In an interview with Tom Brady (the football player and husband to supermodel Gisele Bundchen) in VMan magazine, designer Tom Ford revealed that he feels conflicted about the part he played in advancing a culture of materialism:
“[It] was pretty funny listening to Bruno Mars singing ‘You’re Amazing Just the Way You Are’ [at the Met Ball] when it was in front of a thousand people who are rich, beautiful, wearing a million dollars worth of jewelry, and dressed in $30,000 dresses that are only good this season because next season it’s all going to look out-of-date. That was quite funny because it’s this industry, of course, that makes people feel like they have to change. I have such a split personality about it. On the one hand I want to go off and live in the desert with my dog and sculpt things out of adobe, but then on the other I’m part of this industry that creates insecurity and focuses on materialism and things that aren’t actually, for me, the most important things in life. So it’s strange. […] I finally came to terms with it, because whether we like it or not, we do live in a material world.”
I dare you to imagine the designer sitting stoically in a tux in front of an adobe hut, an Irish Wolfhound named Baxter growling affectionately by his side and not be charmed. Although Ford is candid about his own feelings of hypocrisy and insightful about the distorted values promoted by the image culture, it’s worth remembering that not only has he benefitted personally from his success, he also played a star part in making fashion what it is today. Ford was one of the first designers to become a true celebrity; his work for the Gucci Group in the early 2000s created a model for the modern megabrand. Without him, the Met Gala might be a less glitzy spectacle, more niche industry event. If he doesn’t like what fashion has become … well, it’s too late to turn back the clock.

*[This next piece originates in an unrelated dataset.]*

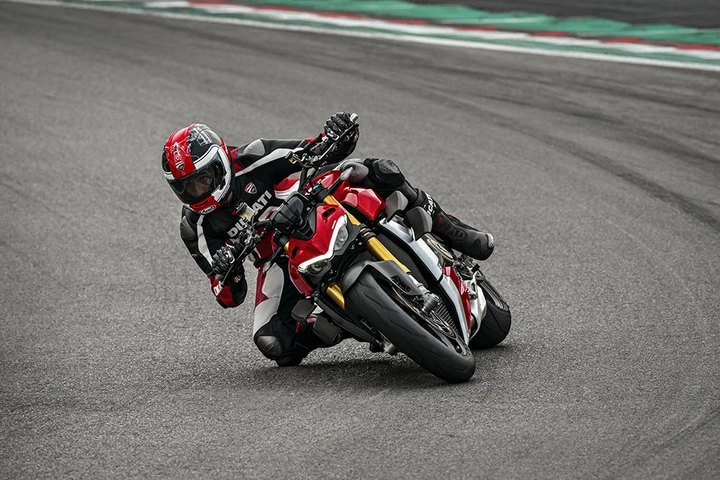 Ducati Streetfighter V4: immagini ufficiali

But Ford’s tremendous influence and wealth could still serve as a platform to do some real good in the world.
As one forum commenter, Phuel, put in a recent tFS thread discussing materialism in the fashion industry, “Be a generous individual and use some of your millions to help those that need it most. There are impoverished villages in China, India and South America and Eastern Europe which only need things like clean drinking water, roads and the very basics to make their lives better. Rather than set up shop and appeal to the Chinese and Russian nouveau riche (which is exactly what his designs target towards), how about contributing to the less fortunate of those countries?”
I would also recommend that Ford tear off all his clothes, grow a beard and join a radical militia of anti-capitalist revolutionaries.